Work item:
With the pictures excluded, output only the lines from the one containing "Chicken breasts chopped" through the last line of the entries, unchanged.

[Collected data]
*** Begin section ***

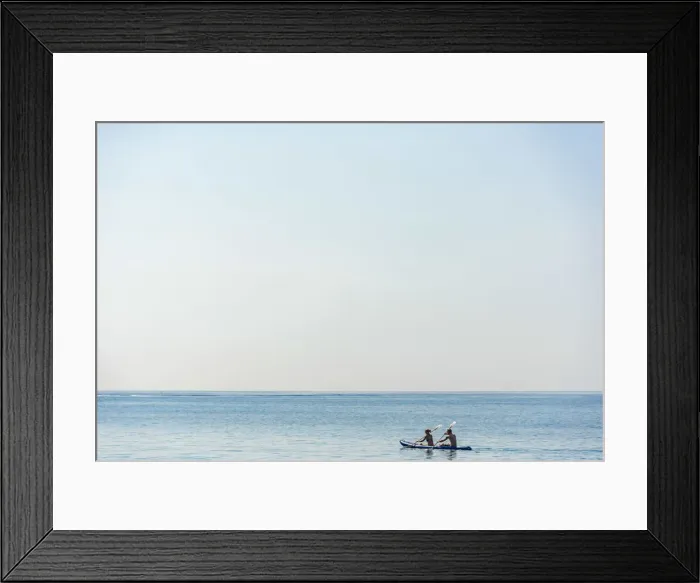 Framed Print : Europe, Italy, Liguria. Paddling a canoe in Monterosso, Cinque Terre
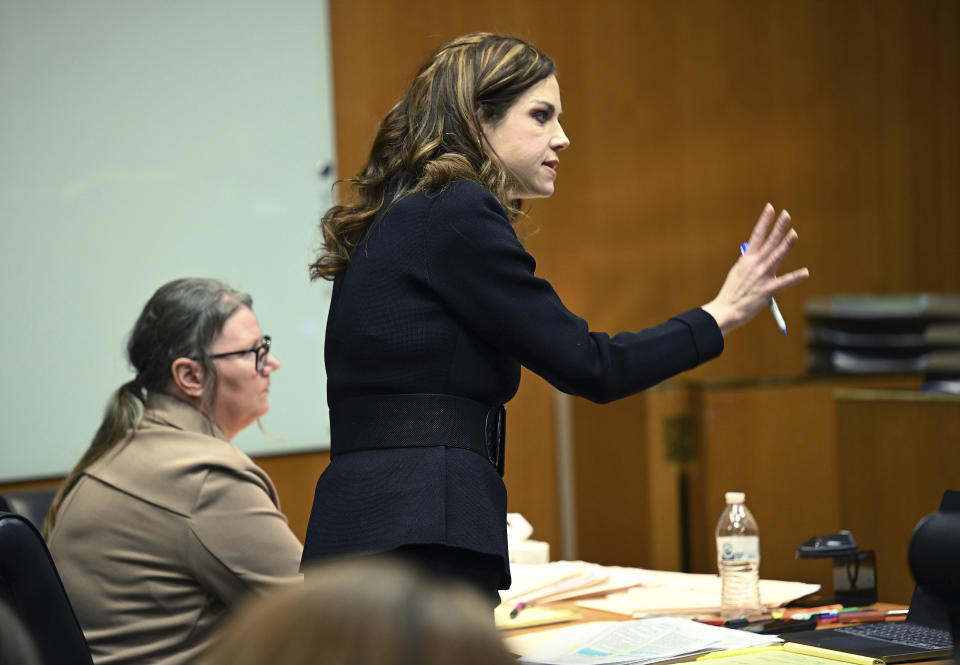 Defense Attorney Shannon Smith questions Jennifer Crumbley's former boss Andrew Smith, of Princeton Management, as he testifies during Crumbley's trial at Oakland County Courthouse, Tuesday, Jan. 30, 2024, in Pontiac, Mich. Crumbley, 45, is charged with involuntary manslaughter. Prosecutors say she and her husband were grossly negligent and could have prevented the four deaths if they had tended to their son’s mental health. They’re also accused of making a gun accessible at home. (Clarence Tabb Jr./Detroit News via AP)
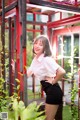 A woman in a white shirt and black skirt posing for a picture.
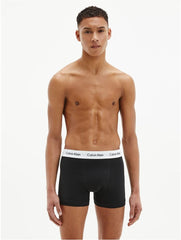 Man wearing black Calvin Klein cotton boxer briefs 3 pack with white waistband logo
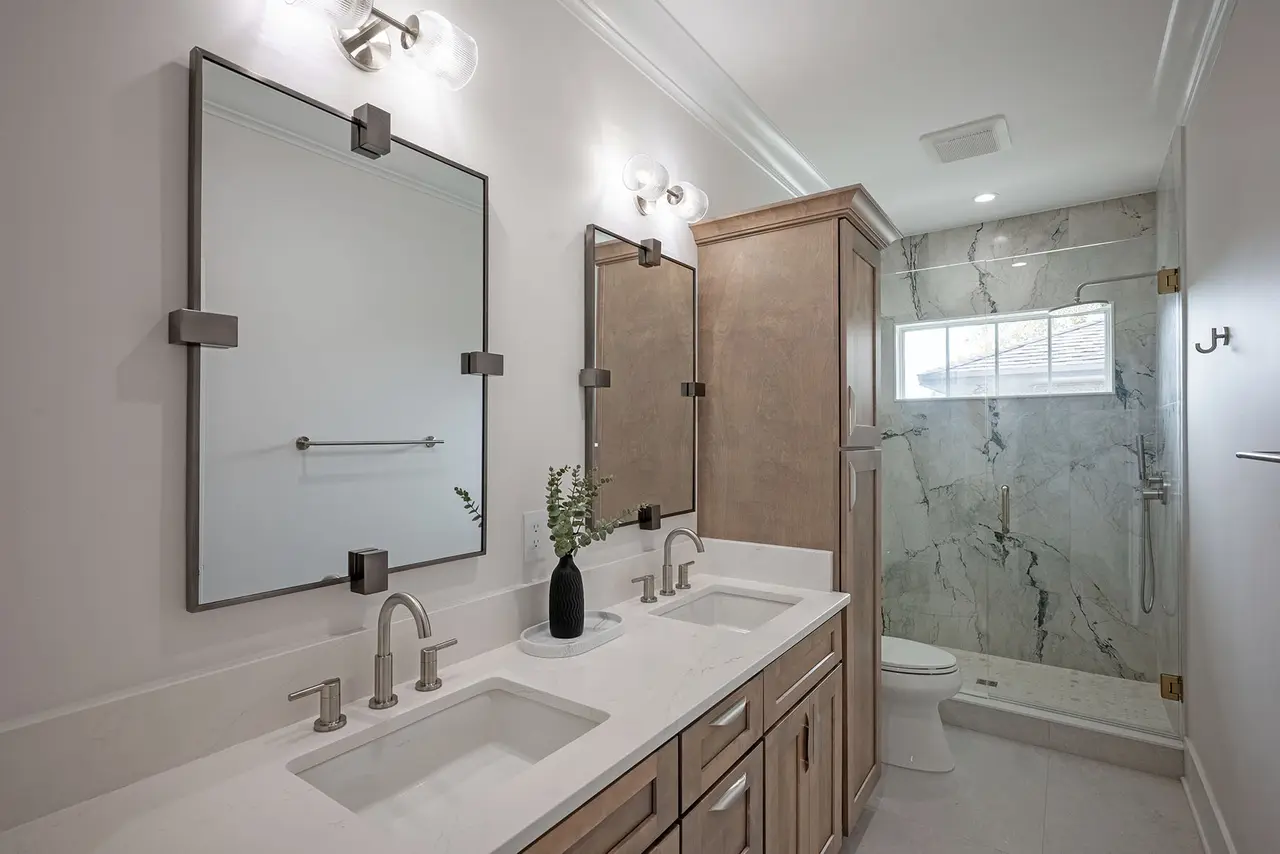 Hall bath with double vanity and marble shower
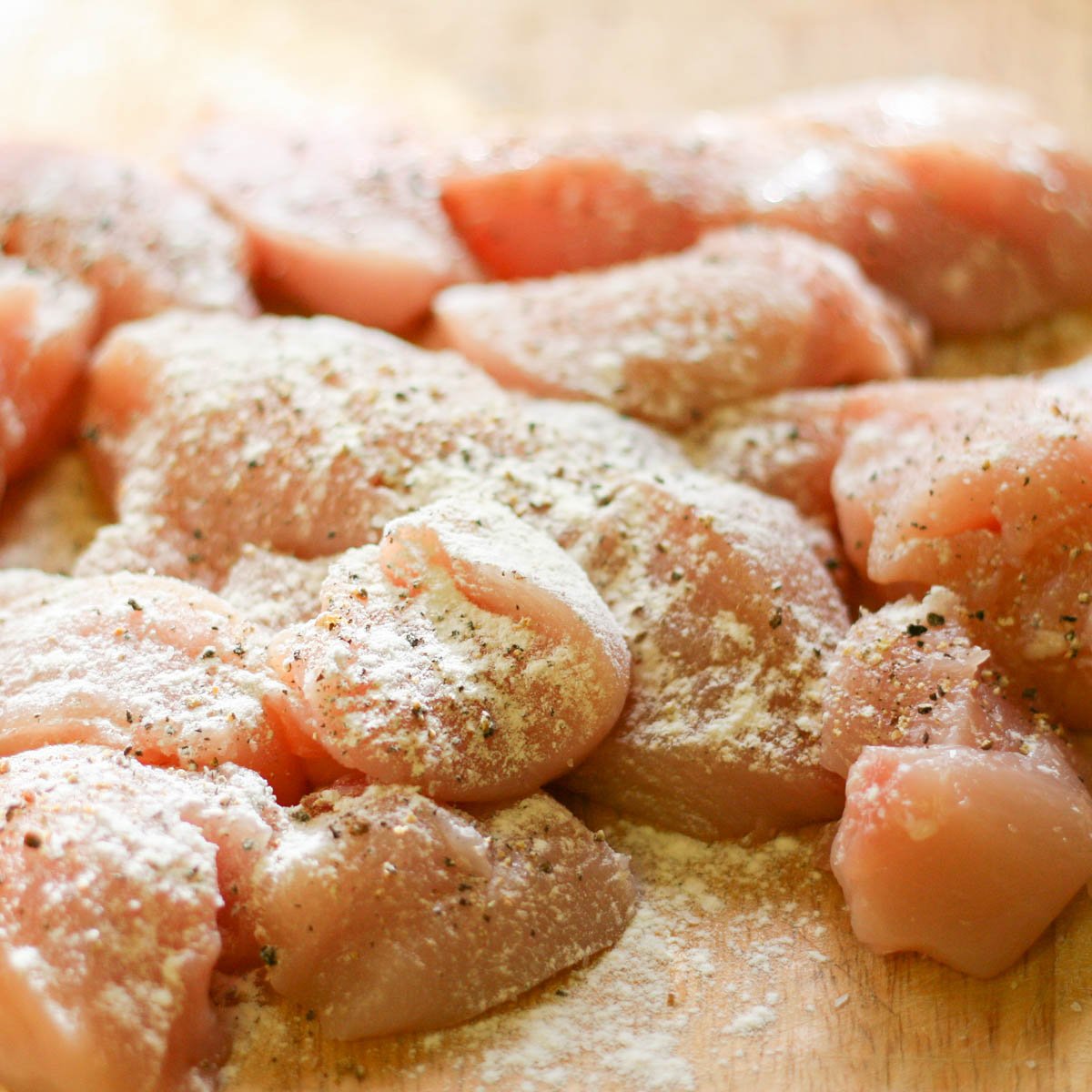 Chicken breasts chopped into bite sized pieces sprinkled with flour.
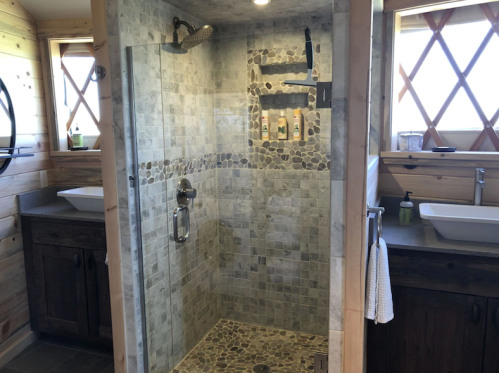 A modern shower with stone tiles, glass enclosure, and wooden accents in a well-lit bathroom.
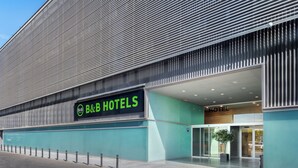 A modern B&B hotel with a prominent sign, a covered entrance, and a glass facade. - B&B Hotel Logroño Las Cañas (Viana)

*** End section ***

Finished exercise:
 Chicken breasts chopped into bite sized pieces sprinkled with flour.
 A modern shower with stone tiles, glass enclosure, and wooden accents in a well-lit bathroom.
 A modern B&B hotel with a prominent sign, a covered entrance, and a glass facade. - B&B Hotel Logroño Las Cañas (Viana)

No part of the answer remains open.